AIM OF THE TASK: Find the line that contains "Parade der Kilian-Sch&uuml;tzengilde". Output it and every line after it to the end of the records, exactly as they appear.

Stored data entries
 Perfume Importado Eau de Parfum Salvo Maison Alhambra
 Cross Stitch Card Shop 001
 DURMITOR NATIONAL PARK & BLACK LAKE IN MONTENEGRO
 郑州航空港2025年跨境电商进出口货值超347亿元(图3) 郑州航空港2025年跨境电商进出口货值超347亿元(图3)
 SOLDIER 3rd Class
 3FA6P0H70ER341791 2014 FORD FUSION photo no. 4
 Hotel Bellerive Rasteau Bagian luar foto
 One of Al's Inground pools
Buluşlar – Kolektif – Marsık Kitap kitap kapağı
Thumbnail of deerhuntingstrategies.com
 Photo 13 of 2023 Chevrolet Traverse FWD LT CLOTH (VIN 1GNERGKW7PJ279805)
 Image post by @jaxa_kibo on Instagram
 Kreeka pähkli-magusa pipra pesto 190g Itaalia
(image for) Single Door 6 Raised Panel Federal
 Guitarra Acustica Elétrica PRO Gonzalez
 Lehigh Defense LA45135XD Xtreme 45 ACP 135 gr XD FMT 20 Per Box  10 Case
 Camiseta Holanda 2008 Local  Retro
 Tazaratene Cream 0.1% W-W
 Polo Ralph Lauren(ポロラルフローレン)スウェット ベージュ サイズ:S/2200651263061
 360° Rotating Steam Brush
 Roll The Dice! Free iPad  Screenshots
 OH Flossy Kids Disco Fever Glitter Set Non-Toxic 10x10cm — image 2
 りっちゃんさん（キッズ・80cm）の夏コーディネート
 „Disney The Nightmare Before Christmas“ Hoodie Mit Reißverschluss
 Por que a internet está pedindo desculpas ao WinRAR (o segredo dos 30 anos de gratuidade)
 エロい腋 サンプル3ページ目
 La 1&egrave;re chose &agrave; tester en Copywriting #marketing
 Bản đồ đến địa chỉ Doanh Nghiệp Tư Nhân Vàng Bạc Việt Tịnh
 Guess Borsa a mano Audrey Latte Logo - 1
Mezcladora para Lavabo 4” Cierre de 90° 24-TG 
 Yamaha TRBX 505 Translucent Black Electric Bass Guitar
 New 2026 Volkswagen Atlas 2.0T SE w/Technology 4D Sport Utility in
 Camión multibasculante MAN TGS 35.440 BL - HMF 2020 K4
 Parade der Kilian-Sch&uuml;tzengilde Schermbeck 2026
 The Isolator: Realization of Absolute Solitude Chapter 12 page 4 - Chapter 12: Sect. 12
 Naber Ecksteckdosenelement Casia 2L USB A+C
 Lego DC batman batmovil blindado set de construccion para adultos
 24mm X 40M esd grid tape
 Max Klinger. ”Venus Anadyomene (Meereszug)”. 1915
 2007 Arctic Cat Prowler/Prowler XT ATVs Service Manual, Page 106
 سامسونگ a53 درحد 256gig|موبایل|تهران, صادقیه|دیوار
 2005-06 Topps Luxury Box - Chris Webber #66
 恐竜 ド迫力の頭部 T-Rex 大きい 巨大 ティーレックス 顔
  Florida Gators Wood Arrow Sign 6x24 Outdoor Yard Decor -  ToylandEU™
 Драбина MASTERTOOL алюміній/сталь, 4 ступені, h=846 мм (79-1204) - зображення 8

TASK SOLUTION:
 Parade der Kilian-Sch&uuml;tzengilde Schermbeck 2026
 The Isolator: Realization of Absolute Solitude Chapter 12 page 4 - Chapter 12: Sect. 12
 Naber Ecksteckdosenelement Casia 2L USB A+C
 Lego DC batman batmovil blindado set de construccion para adultos
 24mm X 40M esd grid tape
 Max Klinger. ”Venus Anadyomene (Meereszug)”. 1915
 2007 Arctic Cat Prowler/Prowler XT ATVs Service Manual, Page 106
 سامسونگ a53 درحد 256gig|موبایل|تهران, صادقیه|دیوار
 2005-06 Topps Luxury Box - Chris Webber #66
 恐竜 ド迫力の頭部 T-Rex 大きい 巨大 ティーレックス 顔
  Florida Gators Wood Arrow Sign 6x24 Outdoor Yard Decor -  ToylandEU™
 Драбина MASTERTOOL алюміній/сталь, 4 ступені, h=846 мм (79-1204) - зображення 8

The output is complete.